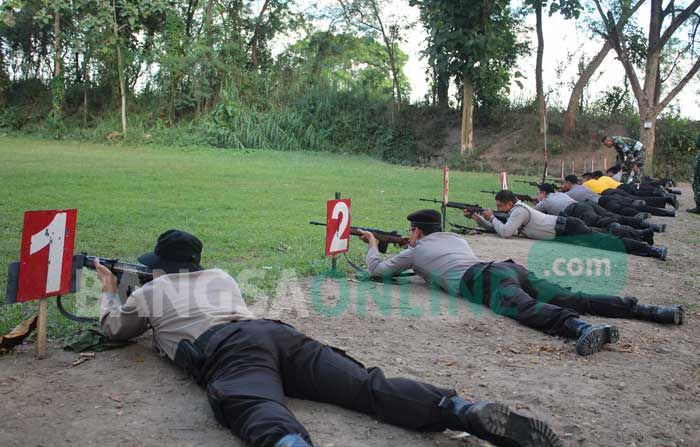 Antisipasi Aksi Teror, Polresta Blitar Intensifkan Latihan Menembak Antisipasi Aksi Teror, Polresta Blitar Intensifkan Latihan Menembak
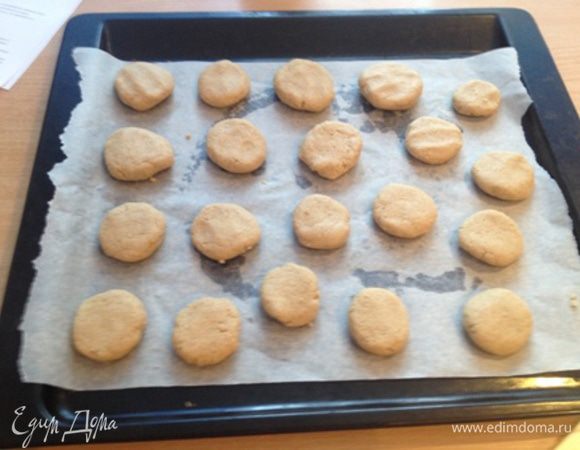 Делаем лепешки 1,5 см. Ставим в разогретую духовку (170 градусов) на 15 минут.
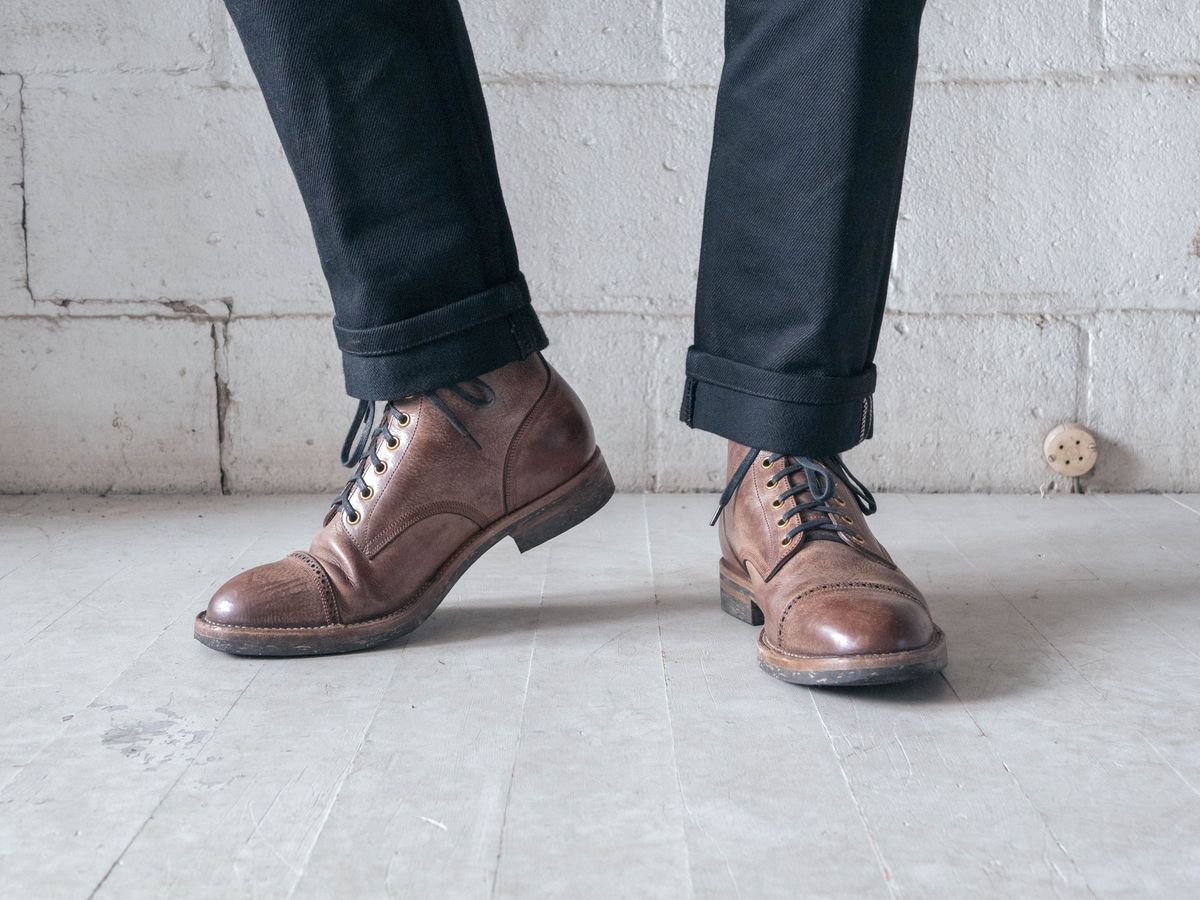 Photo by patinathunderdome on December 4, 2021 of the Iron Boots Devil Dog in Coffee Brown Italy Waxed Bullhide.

--

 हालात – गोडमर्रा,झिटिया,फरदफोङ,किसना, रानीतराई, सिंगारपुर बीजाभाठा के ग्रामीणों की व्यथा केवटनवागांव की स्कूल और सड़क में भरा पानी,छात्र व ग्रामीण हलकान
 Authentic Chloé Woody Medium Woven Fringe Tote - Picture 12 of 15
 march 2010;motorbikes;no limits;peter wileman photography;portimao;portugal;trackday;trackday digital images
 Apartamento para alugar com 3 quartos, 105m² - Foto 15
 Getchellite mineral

Exercise requirements - Here the output must be the lines above from the line with "march 2010;motorbikes;no limits;peter" to the line with "Getchellite mineral", both included, duplicated word for word and nothing else.

Completed task -
 march 2010;motorbikes;no limits;peter wileman photography;portimao;portugal;trackday;trackday digital images
 Apartamento para alugar com 3 quartos, 105m² - Foto 15
 Getchellite mineral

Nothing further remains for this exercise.